In spite of everything, I think this will be a fine skating event. I hope that everyone does his or her best. If they do (especially Kovtun and Ten

), here’s how it will turn out. Using each skaters’ all-time best score,
Short program
1. Gold, 76.43
2. Medvedeva, 74.58
3. Wagner, 73.16
4. Miyahara, 72.48
5. Radionova, 71.79
6. Hongo, 69.89
7. Daleman, 67.38
8. Tursynbbaeva 61.63
9. Rodeghiero, 6101
1. Jin, 98.45
2. Ten, 97.61
3. Uno 92.99
4. Kovtun, 92.53
5. Voronov, 90.33
6. Brezina, 87.67
7. Brown, 86.48
8. Rippon, 85.72
9. Nguyen, 77.73
Total (top two in each discipline, low placement wins)
Team Asia: 4+6+1+2 = 13
Team Europe: 2+5+4+5 = 16
Team North America: 1+3+7+8 = 19 ...
For the SP comp, the placements of all three men and all three ladies on each team count.
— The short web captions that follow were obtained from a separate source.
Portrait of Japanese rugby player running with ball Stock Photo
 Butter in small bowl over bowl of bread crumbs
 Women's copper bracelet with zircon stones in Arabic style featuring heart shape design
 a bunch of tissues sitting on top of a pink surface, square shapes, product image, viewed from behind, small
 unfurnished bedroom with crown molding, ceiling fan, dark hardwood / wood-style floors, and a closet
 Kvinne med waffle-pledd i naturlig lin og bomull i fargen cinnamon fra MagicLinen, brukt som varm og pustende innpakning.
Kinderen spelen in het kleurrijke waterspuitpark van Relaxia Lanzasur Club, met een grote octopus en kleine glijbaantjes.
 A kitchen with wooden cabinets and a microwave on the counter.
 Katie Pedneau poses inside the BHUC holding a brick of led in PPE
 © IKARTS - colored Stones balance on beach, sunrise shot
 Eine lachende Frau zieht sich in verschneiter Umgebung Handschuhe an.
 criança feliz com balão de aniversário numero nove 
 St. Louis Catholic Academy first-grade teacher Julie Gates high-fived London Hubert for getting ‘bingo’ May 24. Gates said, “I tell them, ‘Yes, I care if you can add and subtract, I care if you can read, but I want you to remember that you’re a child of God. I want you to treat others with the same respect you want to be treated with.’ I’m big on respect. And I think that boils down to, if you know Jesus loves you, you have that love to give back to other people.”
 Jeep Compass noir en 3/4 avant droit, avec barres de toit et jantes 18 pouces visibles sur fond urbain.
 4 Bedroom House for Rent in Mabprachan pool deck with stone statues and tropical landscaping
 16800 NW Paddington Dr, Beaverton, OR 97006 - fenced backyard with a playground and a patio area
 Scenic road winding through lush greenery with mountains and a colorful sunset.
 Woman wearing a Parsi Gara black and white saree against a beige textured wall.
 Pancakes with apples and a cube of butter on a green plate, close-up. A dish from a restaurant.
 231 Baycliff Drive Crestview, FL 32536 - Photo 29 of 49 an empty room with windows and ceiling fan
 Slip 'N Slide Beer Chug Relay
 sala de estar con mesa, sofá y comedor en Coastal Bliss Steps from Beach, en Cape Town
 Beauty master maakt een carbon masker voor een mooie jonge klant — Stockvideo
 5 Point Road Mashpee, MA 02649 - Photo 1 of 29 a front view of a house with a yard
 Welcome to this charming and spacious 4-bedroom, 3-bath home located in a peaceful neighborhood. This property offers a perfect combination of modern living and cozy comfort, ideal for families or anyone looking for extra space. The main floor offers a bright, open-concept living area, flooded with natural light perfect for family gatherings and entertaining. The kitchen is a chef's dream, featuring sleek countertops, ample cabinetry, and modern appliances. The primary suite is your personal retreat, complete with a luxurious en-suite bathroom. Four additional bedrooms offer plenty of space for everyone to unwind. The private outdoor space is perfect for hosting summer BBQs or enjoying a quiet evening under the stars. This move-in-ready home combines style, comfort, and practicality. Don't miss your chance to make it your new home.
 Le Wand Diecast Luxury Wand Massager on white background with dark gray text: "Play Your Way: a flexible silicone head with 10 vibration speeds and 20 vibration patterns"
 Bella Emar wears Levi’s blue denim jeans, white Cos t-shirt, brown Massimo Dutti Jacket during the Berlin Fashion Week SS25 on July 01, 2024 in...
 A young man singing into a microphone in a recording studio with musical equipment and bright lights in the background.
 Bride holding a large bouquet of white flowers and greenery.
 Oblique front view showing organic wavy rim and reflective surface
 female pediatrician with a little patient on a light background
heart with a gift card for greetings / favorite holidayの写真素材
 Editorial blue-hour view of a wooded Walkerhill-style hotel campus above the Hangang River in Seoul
Not just the top two.
And the placement points are awarded within each flight.
So the Team Captains

will be strategizing/guessing

as to how best to assign their men and ladies to the three flights.
Emphasis added below.
Day #1 - Friday, April 22 – Men’s and Ladies Singles –Short Program Competition
o Each Team will decide their entries in order of #1-#3 and submit them in closed envelopes ...
o Skaters #1-3 will skate (3 teams) earning points in their flight for their team; Skaters will earn points for first, second or third (i.e. 12, 10, 8 points)...
o Singles Team Short Program Winners will be crowned based on the total team points, an aggregate of the points earned by a team in each flight ...
... Have a certain number qualify directly according to certain rules & then have a "pool" of eligible candidates (also according to rules) from which the the captain's picks can be made.
The TCC rules for qualification did take this two-pronged approach.
Most of the skaters qualified directly:
ISU World Standings on Jan 1 were the basis for invitations for two men, two ladies, both pairs, and both dance couples on each team.
For the third man and third lady on each team, the designated pool of skaters eligible for nominations for fan voting were 2016 Worlds entries.
So your concept already was followed.
If you want to adjust the criteria for direct qualification and for fan voting, that is another story.
For those discussing fraud:
The only "fraud" during the TCC fan voting was automated voting -- automated voting for any skater from any country. (For example: In the Team Europe ladies voting, I do not believe for one second that only one skater received automated votes.)
Like it or not, manual votes -- no matter what the reason behind them -- were not "fraud."
In the real world (unrelated to skating), politics makes strange bedfellows. In some cases, "the enemy of my enemy is my friend." Votes for that kind of reason are not "fraud."